Kotak Institutional Equities expects strong June quarter growth for top NBFCs, led by Bajaj Finance and Bajaj Finserv. Analysts point to robust loan demand, stable asset quality, and wider profit margins as key drivers. Investors are watching for potential management commentary on future growth guidance.
As the Indian non-banking financial company sector prepares for the June quarter earnings results, Kotak Institutional Equities has shared a positive view on the performance of several major lenders. The brokerage firm highlights Bajaj Finance Ltd., Bajaj Finserv Ltd., and Aditya Birla Capital Ltd. as its preferred picks among large-cap companies. The analysis projects core profit before tax growth between 22% and 58% for the firms under their coverage, with potential net earnings growth reaching as high as 69% for some players.
Factors Driving Performance Expectations
The optimistic outlook is based on strong demand across several lending areas. Channel checks suggest high growth in personal loans, vehicle financing, MSME loans, and microfinance. Additionally, the brokerage expects net interest margins—the difference between interest earned from loans and interest paid on deposits—to expand by 9 to 80 basis points compared to the same period last year. This is attributed to a decrease in borrowing costs for these financial institutions.
Another point of interest for investors is the expectation of stable asset quality. Despite concerns about seasonal weakness, credit costs are projected to decrease by 5 to 35 basis points. This shift, combined with improved liquidity, may lead some companies to raise their growth guidance for the remainder of the fiscal year.
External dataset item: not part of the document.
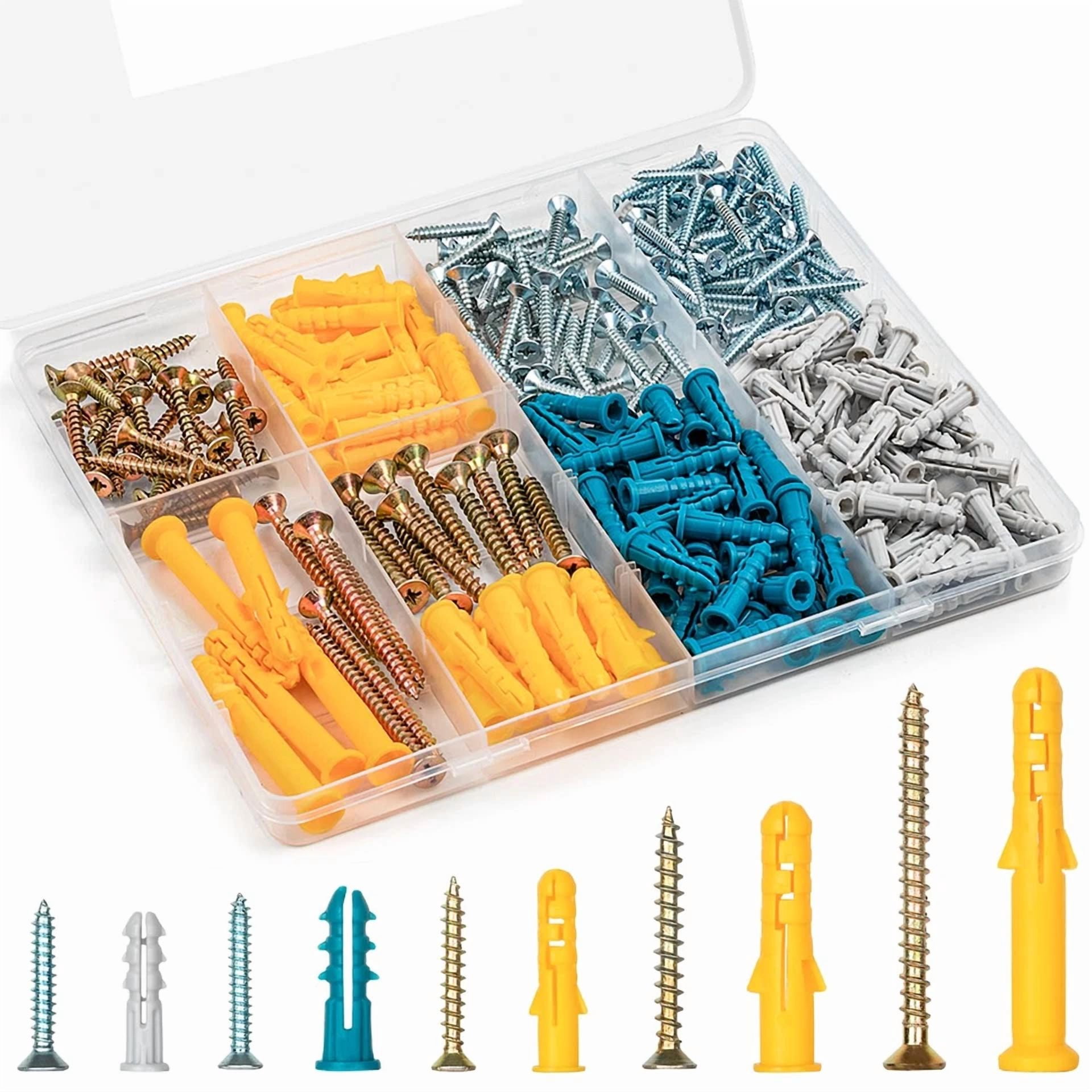 CIRCLE- Drywall Anchors And Screws Assortment Kit 270Pcs, 135 Plastic Dry Wall Anchor...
Diversified lenders that have already maintained loan growth above 20% are considered particularly well-placed to benefit from these conditions.
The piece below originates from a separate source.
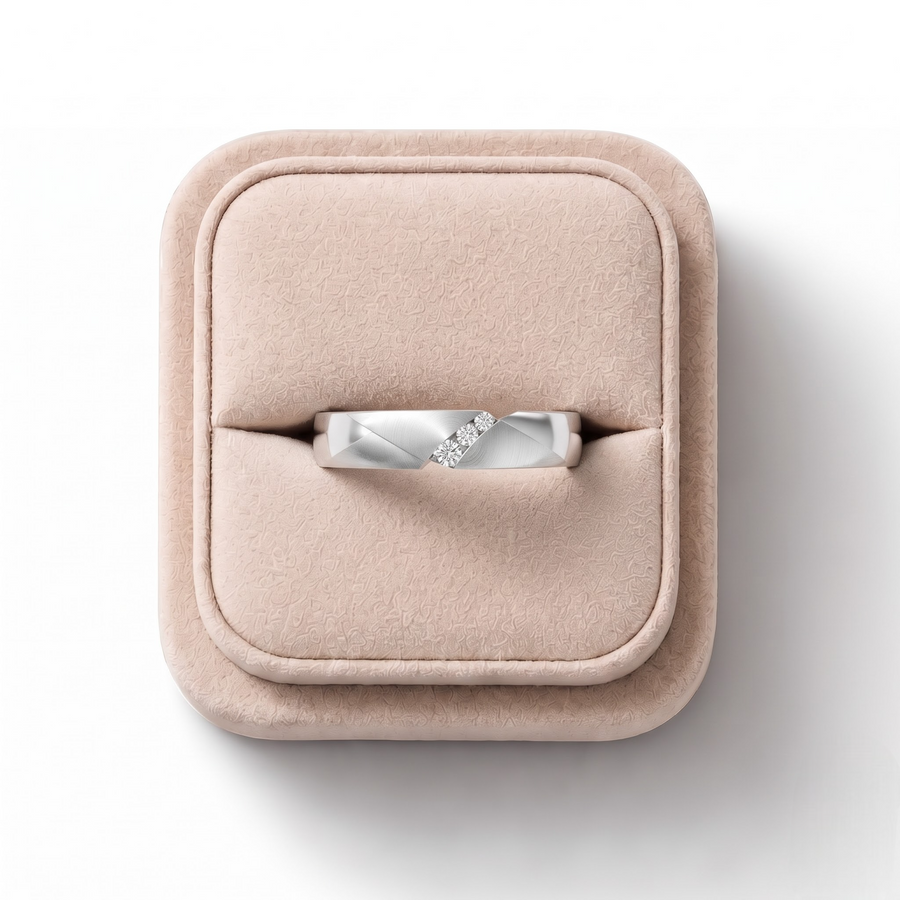 0.047 Ct Round Diamond Groove Band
Outlook for Housing and Mid-Cap Players
Beyond the large-cap names, the report also touches on the affordable housing segment, which is showing signs of a rebound. After a period of slower activity, early indicators from the fourth quarter of the 2026 fiscal year suggest a recovery is underway. Kotak has included mid-cap companies such as Aptus Value Housing Finance India Ltd., Aadhar Housing Finance Ltd., and Home First Finance India Ltd. in its list of favored entities, noting an expected pickup in performance for the current 2027 fiscal year.
While the sector outlook appears positive based on these projections, investors may track upcoming quarterly reports for confirmation of these trends. Key monitorables for the market include management commentary on loan growth, any changes in credit costs, and updates on the sustainability of margin expansion. The actual results will help determine if the anticipated growth materializes as lending environments and interest rate scenarios evolve.